Israel-focused Energean Oil & Gas Plc on Oct. 14 agreed to sell Edison E&P North Sea assets to Neptune Energy Group for up to $280 million, as part of an ongoing plan to sell non-core assets.
Energean, which is focused in the Mediterranean, will sell Edison E&P’s U.K. and Norwegian units for $250 million, with additional cash contingent consideration of up to $30 million.
In a move to expand in the eastern Mediterranean region, Energean in July agreed to buy the oil and gas division of Italian energy company Edison SpA for up to $850 million.
That acquisition was to push deeper into the eastern Mediterranean gas hub, where Edison has a significant presence in Egypt’s rapidly-growing offshore basin.

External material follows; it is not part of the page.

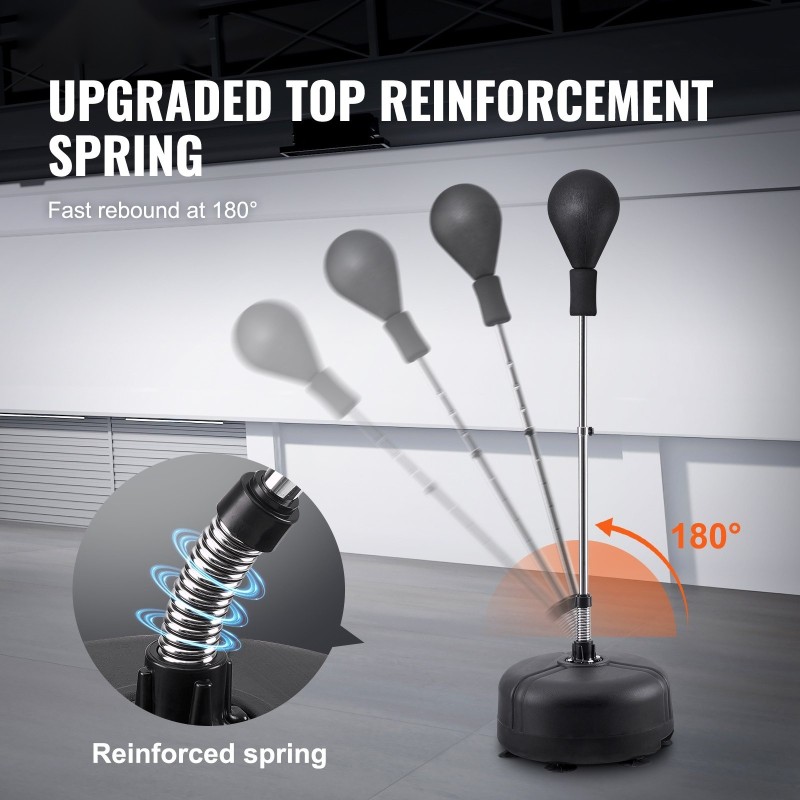 Vapaasti seisova korkeussäädettävä refleksinyrkkeilypussi hiiliteräsrunko sisältää nyrkkeilyhanskat musta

The sale announced on Oct. 14 is subject to Energean completing the Edison deal, it said.
The assets to be sold include interests in the Nova and Dvalin gas developments offshore Norway, and in the U.K. and interests in the producing Scott, Telford, Tors and Wenlock fields.
The units represent $408 million of 2018 gross assets and $33 million of 2018 losses before tax.
U.K.-based oil and gas explorer Neptune will take on the employees of the Edison E&P’s U.K. and Norway divisions and will guarantee their terms of employment and severance pay, Energean said in a statement.
“Neptune is a leading player in the U.K. and Norway upstream sectors and, as such, we are convinced that under Neptune’s ownership, Edison’s U.K. and Norway teams will benefit from the increased focus and investment,” Energean CEO Mathios Rigas said.
Energean, which is listed on both the London and Tel Aviv stock exchanges, has operations in the offshore Israel, Greece and the Adriatic, while Edison has assets in Italy, Algeria, Croatia, the British and Norwegian North Sea as well as Greece.